Wood performs several essential functions in plants, including mechanically supporting aboveground tissue, storing water and other resources, and transporting sap. Woody tissues are likely to face physiological, structural and defensive trade-offs. How a plant optimizes among these competing functions can have major ecological implications, which have been under-appreciated by ecologists compared to the focus they have given to leaf function. To draw together our current understanding of wood function, we identify and collate data on the major wood functional traits, including the largest wood density database to date (8412 taxa), mechanical strength measures and anatomical features, as well as clade-specific features such as secondary chemistry. We then show how wood traits are related to one another, highlighting functional trade-offs, and to ecological and demographic plant features (growth form, growth rate, latitude, ecological setting).
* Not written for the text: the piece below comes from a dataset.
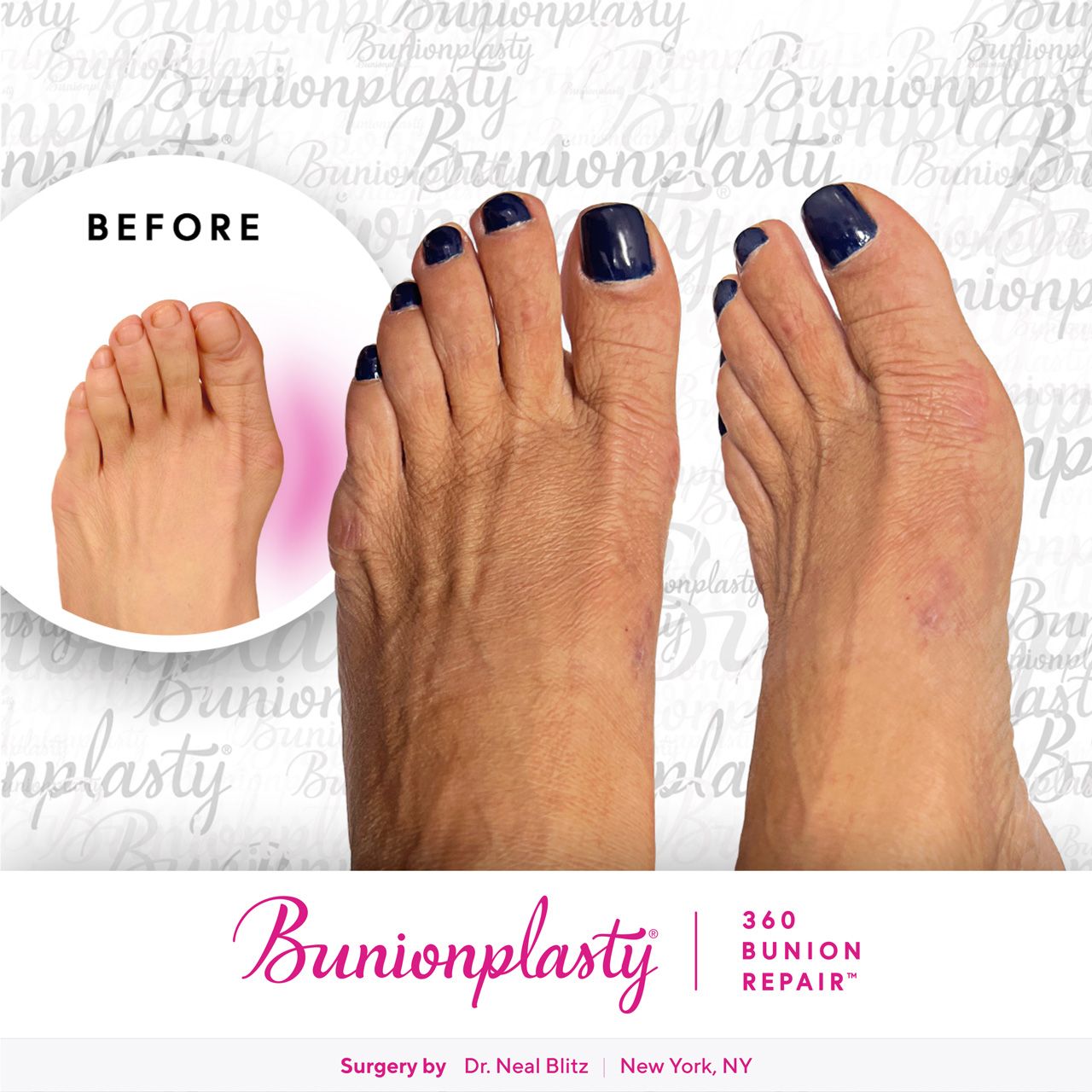 Bunionplasty® Before & After |  Large Bunion  |  Left Foot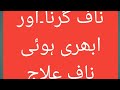 ابھری ہوئی ناف ناف گرنا ناف ٹلنا ناف میں سوجن ناف میں ہو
We suggest that, similar to the manifold that tree species leaf traits cluster around the ‘leaf economics spectrum’, a similar ‘wood economics spectrum’ may be defined. We then discuss the biogeography, evolution and biogeochemistry of the spectrum, and conclude by pointing out the major gaps in our current knowledge of wood functional traits.

Citation:

Chave, J., Coomes, D., Jansen, S., Lewis, S. L., Swenson, N. G., & Zanne, A. E. (2009). Towards a worldwide wood economics spectrum. Ecology letters12(4), 351-366.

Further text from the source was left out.